-------- Extracted entries --------

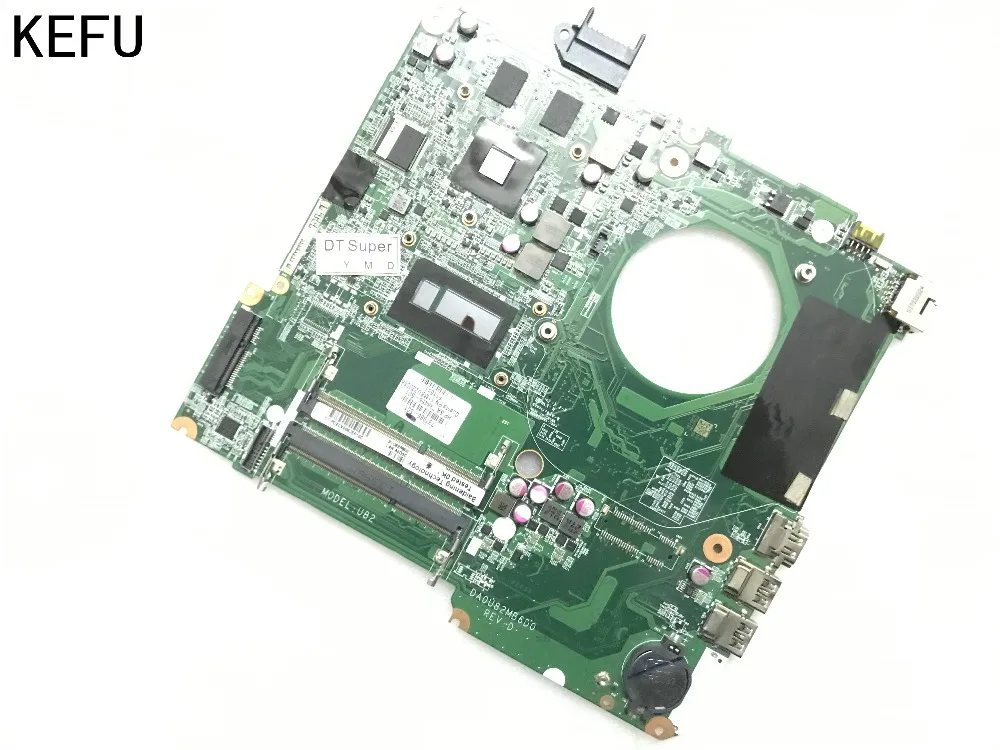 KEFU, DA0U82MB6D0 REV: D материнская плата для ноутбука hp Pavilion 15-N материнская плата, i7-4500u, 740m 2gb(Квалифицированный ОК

--------
-------- Extracted entries --------

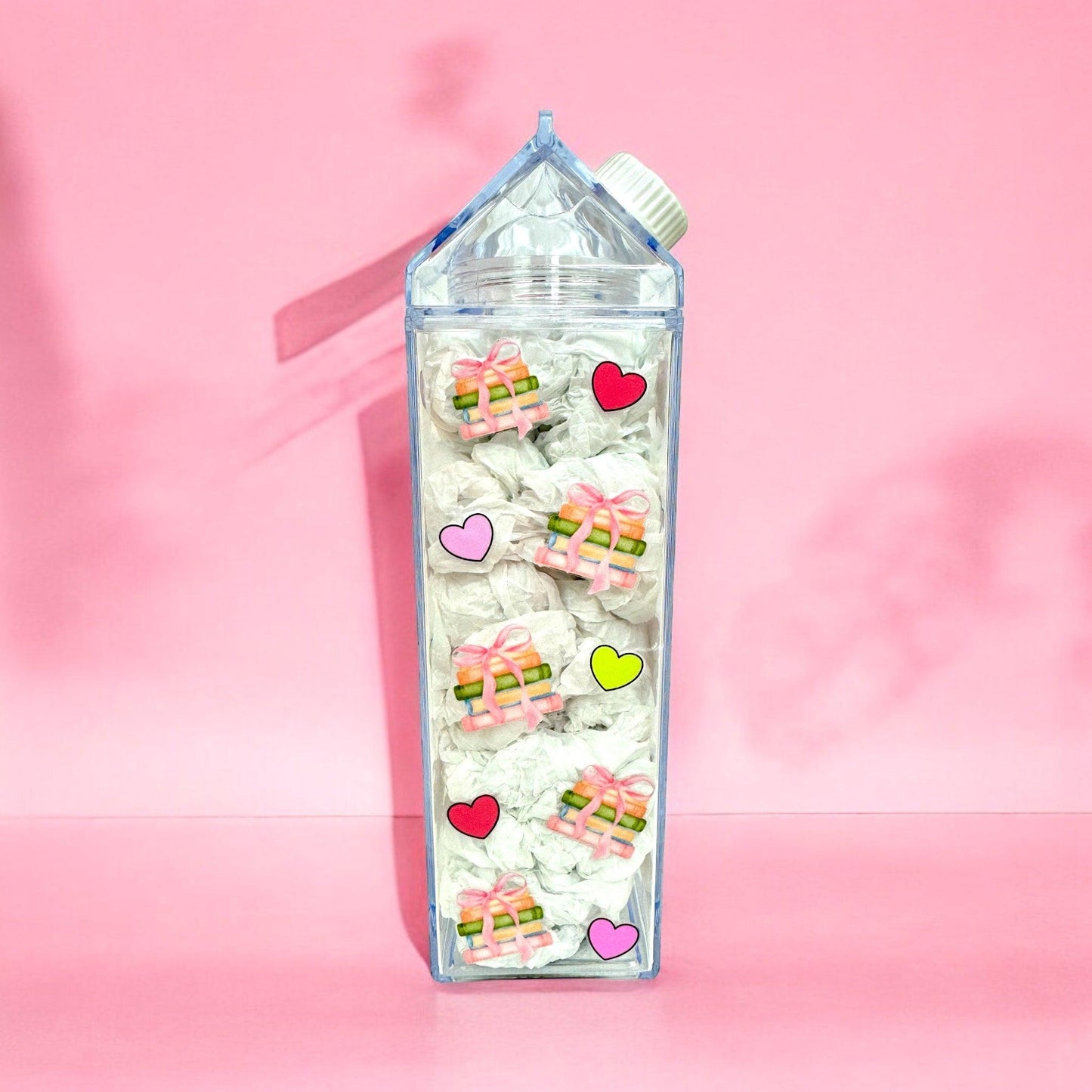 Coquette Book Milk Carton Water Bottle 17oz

--------
-------- Extracted entries --------

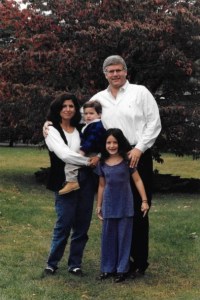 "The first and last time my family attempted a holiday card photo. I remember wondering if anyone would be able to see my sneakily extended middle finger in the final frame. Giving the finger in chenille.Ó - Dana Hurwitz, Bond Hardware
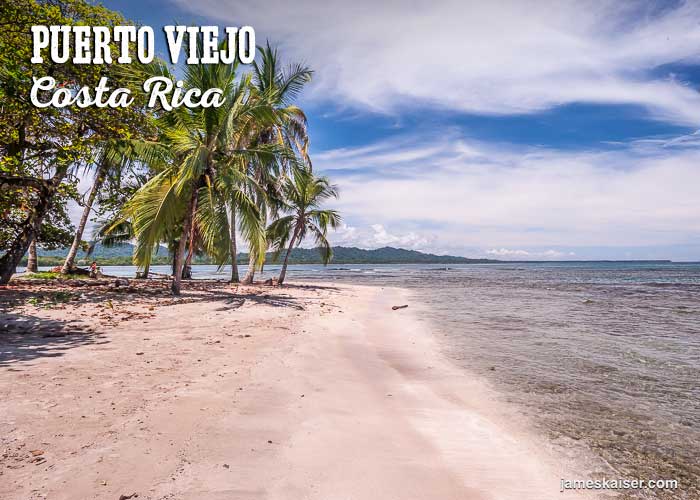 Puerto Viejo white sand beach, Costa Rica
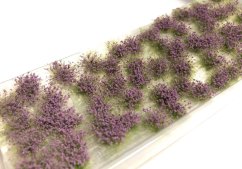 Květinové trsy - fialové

--------

What is expected: In the listing above, find the line with "Hurwitz, Bond Hardware" and the line with "Květinové trsy - fialové". Set down both and every line between them, minus the pictures.

Written response:
 "The first and last time my family attempted a holiday card photo. I remember wondering if anyone would be able to see my sneakily extended middle finger in the final frame. Giving the finger in chenille.Ó - Dana Hurwitz, Bond Hardware
 Puerto Viejo white sand beach, Costa Rica
 Květinové trsy - fialové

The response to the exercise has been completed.